One More Mile To Go já funciona inversamente. Primeiro a surpresa, quando o homem mata a garota, e depois todo o suspense se constrói exatamente porque sabemos que o corpo está no porta-malas, e o policial insiste em abri-lo para consertar a lâmpada. No momento que eles estão no posto, o policial diz que é só abrir o porta-malas e arrumar os fios. O homem vai até a ignição, tira a chave e a esconde. Diz que esqueceu a chave do porta-malas em casa, o oficial então pede um pé de cabra para forçar a fechadura. Quando já temos certeza que ele vai conseguir abrir o carro, a luz miraculosamente volta a funcionar e todos suspiramos aliviados, para retomarmos a tensão mais adiante.

No começo de Lamb To The Slaughter temos a surpresa do assassinato do marido. Então a esposa disfarça o ambiente, sai, e por fim chama a polícia. Ela pensou friamente em tudo para construir sua inocência, apesar de ter cometido o crime num lampejo de fúria. O episódio todo alternamos entre as conversas dos detetives, sempre no caminho certo do crime, e a expressão da moça, ainda incerta se vai ser descoberta ou não. O suspense vai se dando justamente por conta de os detetives caminharem sempre na direção certa para desvendar o crime – o espectador viu o crime, e sabe cada detalhe dele e, principalmente, quem é a culpada -, e a garota sempre fazendo-se de inocente. O auge é quando eles encontram o assado no forno e fazem comentários sobre o tamanho do mesmo.

The Perfect Crime é o episódio mais diferente dos quatro analisados, e o suspense vai sendo criado a partir da chegada do advogado, que acusa o promotor de ter enviado para a morte um homem inocente. Então, as coisas vão ficando mais angustiantes conforme o advogado vai fazendo releituras das provas apresentadas para culpar o réu, uma a uma, e mostrando que de fato o promotor fez com que a pessoa errada fosse condenada. A surpresa então vem quando o promotor ataca o advogado, matando-o. É seu olhar que indica o que aconteceu com as provas do assassinato que ele cometeu.

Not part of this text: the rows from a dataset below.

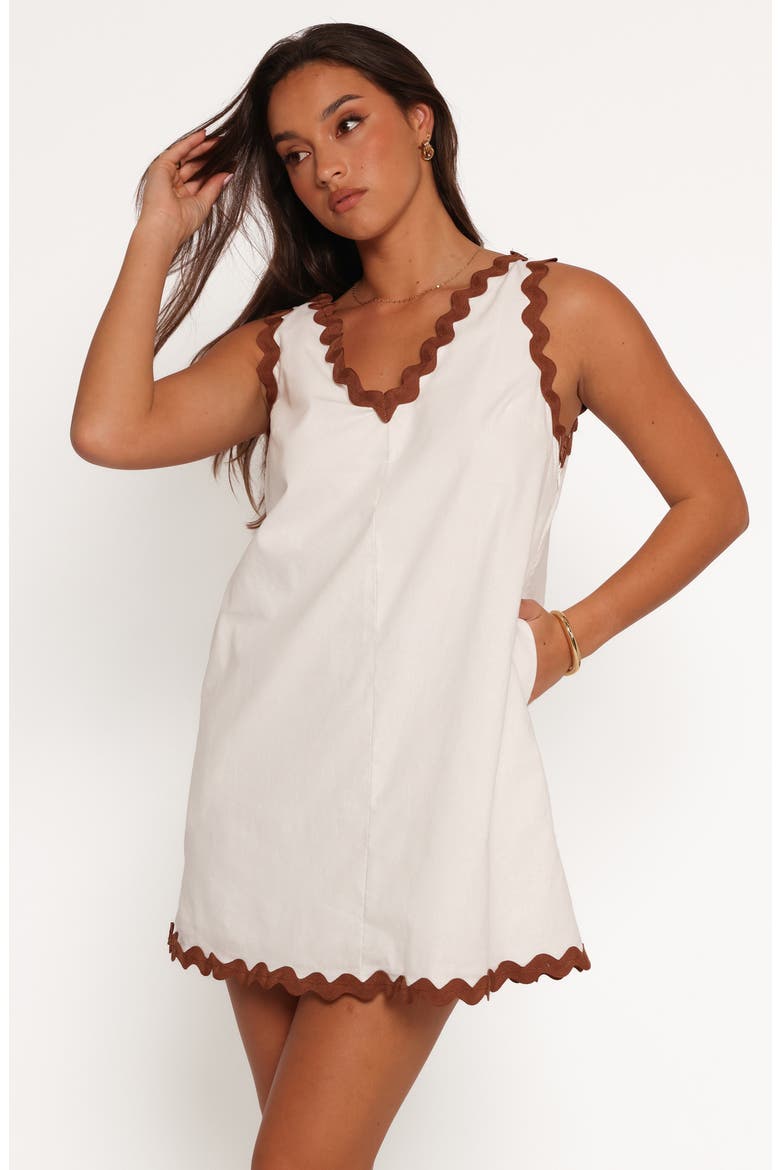 Calliope Rickrack Trim Cotton & Linen Minidress, Alternate, color, WHITE TAN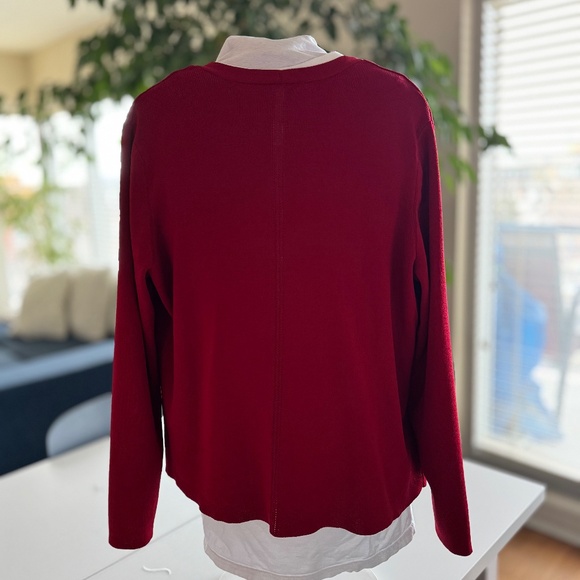 Cleo Petites Red Open-Front Cardigan L, easy professional polished office wear - Picture 2 of 6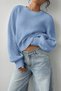 Women's Blue Oversize Crew Neck Balloon Sleeve Ribbed Knit Sweater - 3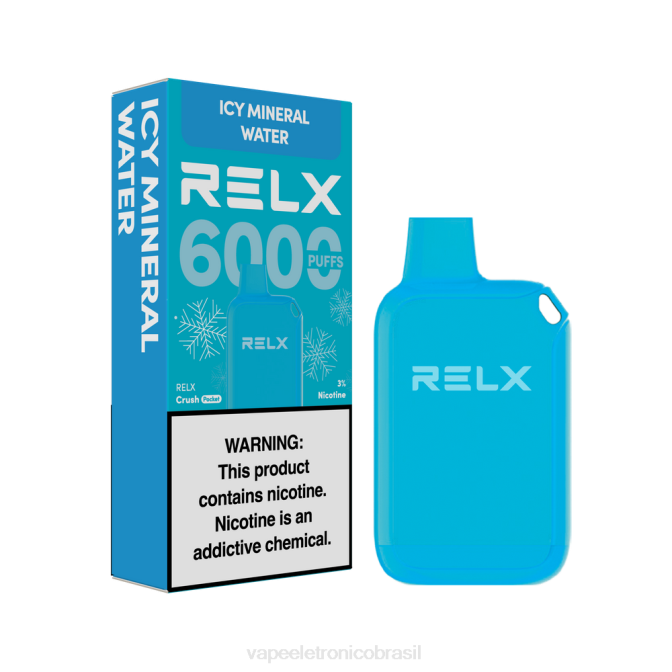 RELX Crush Pocket 6000 gelado água mineral gelada 68N823 Vape Eletronico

“Mas, de seu lado, o público já recebeu a informação. Portanto, criamos um suspense baseado nessa interrogação: como James Stewart reagirá quando descobrir que ela mentiu e que é de fato Madeleine?”. Sem maiores problemas, podemos substituir os nomes dos atores e personagens na colocação de Truffaut, e até mesmo alterar a situação de surpresa (a descoberta). Alternando o ponto de vista do culpado, a subjetivação da câmera e o conhecimento do espectador sobre as circunstâncias não estão a mostra para os outros personagens, Hitchcock constrói seu suspense psicológico com habilidade.

Um ponto não relacionado ao suspense em si, mas que é digno de nota sobre a série é que a conclusão dos episódios, muitas das vezes, servia apenas para contar como o culpado tinha sido descoberto e punido por seus crimes, ainda que tivesse escapado ileso daquele capítulo. Como o próprio Hitchcock disse em entrevistas, era um reforço necessário à moralidade.

REFERÊNCIA BIBLIOGRÁFICA

BROWNE, Nick. O espectador-no-texto: a retórica de No Tempo das Diligências. In: RAMOS, Fernão (org.) Teoria contemporânea do Cinema. Volume II Documentário e narratividade ficcional. São Paulo, Ed. Senac, 2004.

TRUFFAUT, François. Hitchcock Truffaut: entrevistas. 2ª ed. São Paulo, Brasiliense, 1986.

VIEIRA, João Luiz. A construção do medo no cinema. In: NOVAES, Adauto (org.) Ensaios Sobre o Medo. São Paulo, Ed. Senac, 2007.